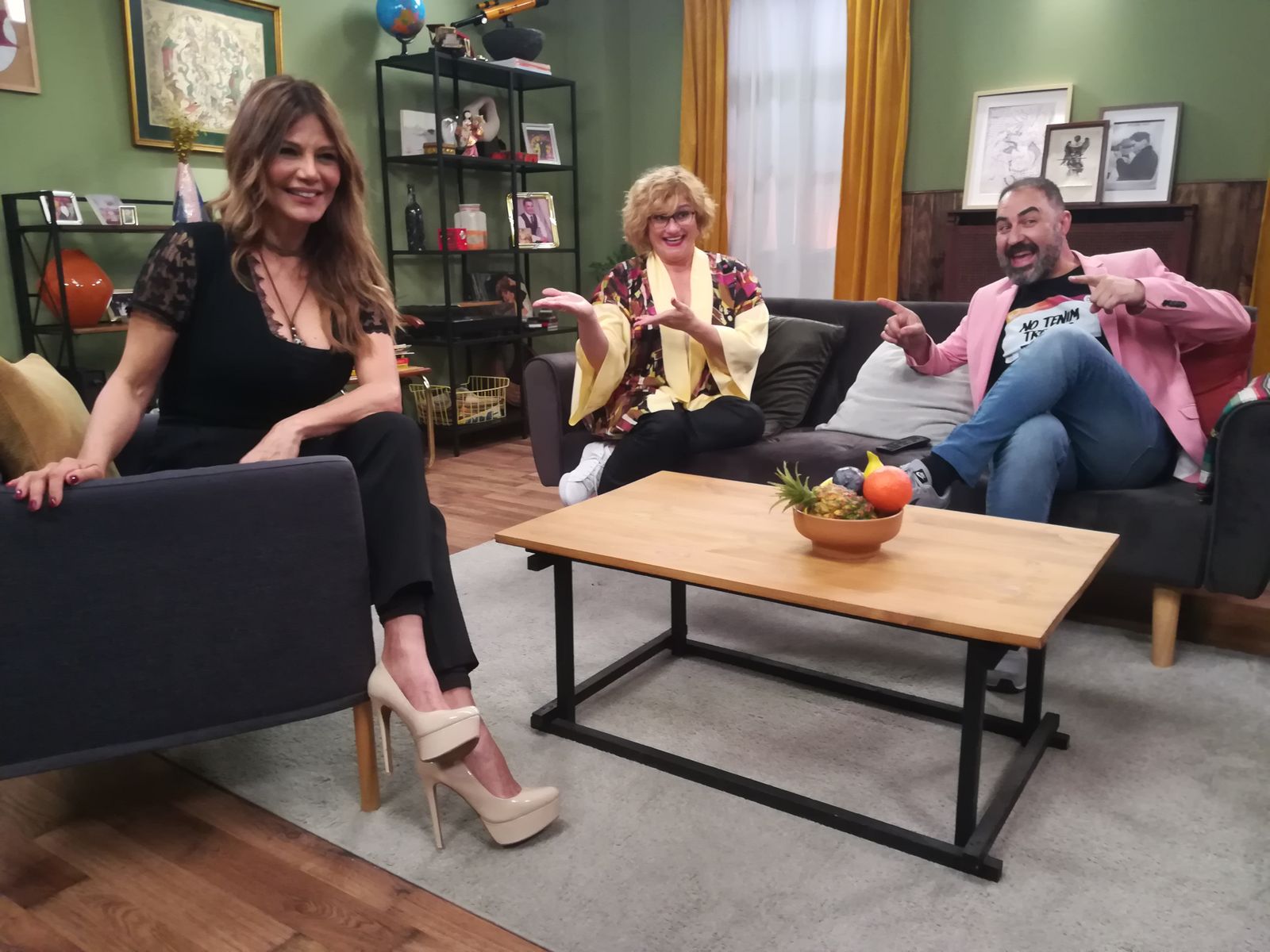 No tenim trellat | Ivonne Reyes i el mite de Lola Flores
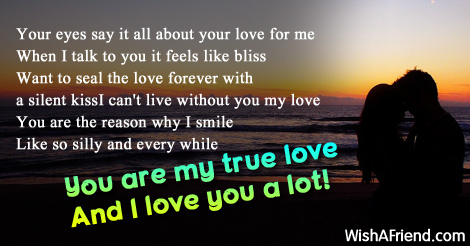 Cute Love Messages - Page 2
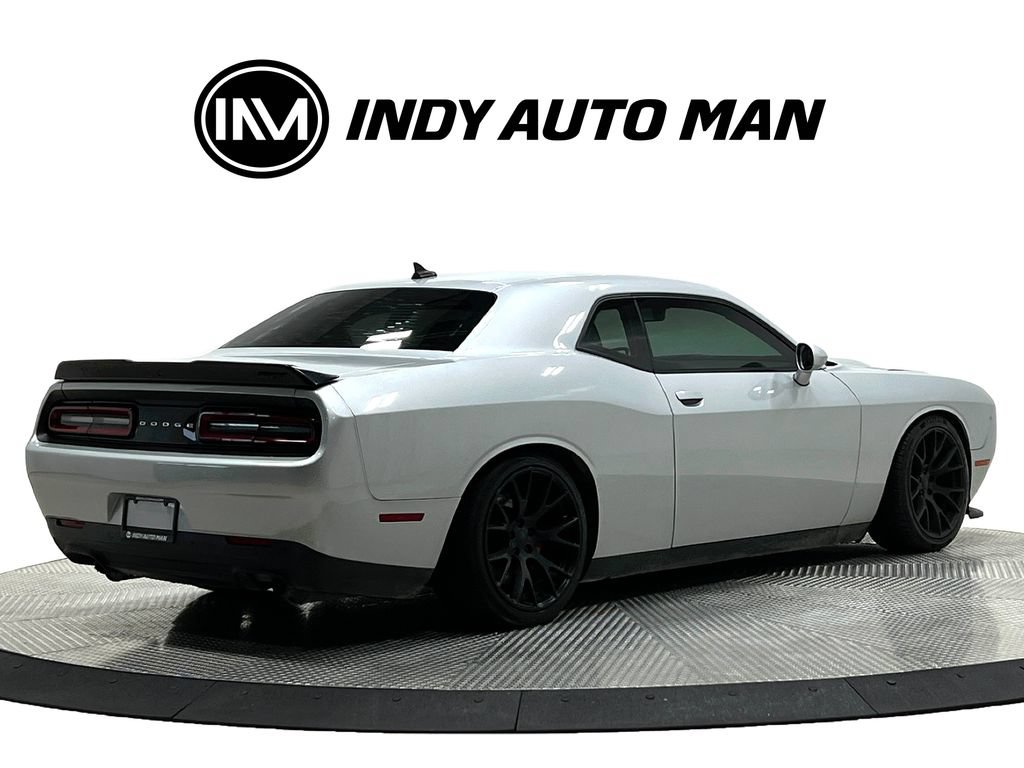 Used 2019 Dodge Challenger R/T Scat Pack w/ Plus Package RWD image 4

[ACTIVITY]
Down to the last line, print the material exactly, but not its pictures.

[ANSWER SECTION]
 No tenim trellat | Ivonne Reyes i el mite de Lola Flores
 Cute Love Messages - Page 2
 Used 2019 Dodge Challenger R/T Scat Pack w/ Plus Package RWD image 4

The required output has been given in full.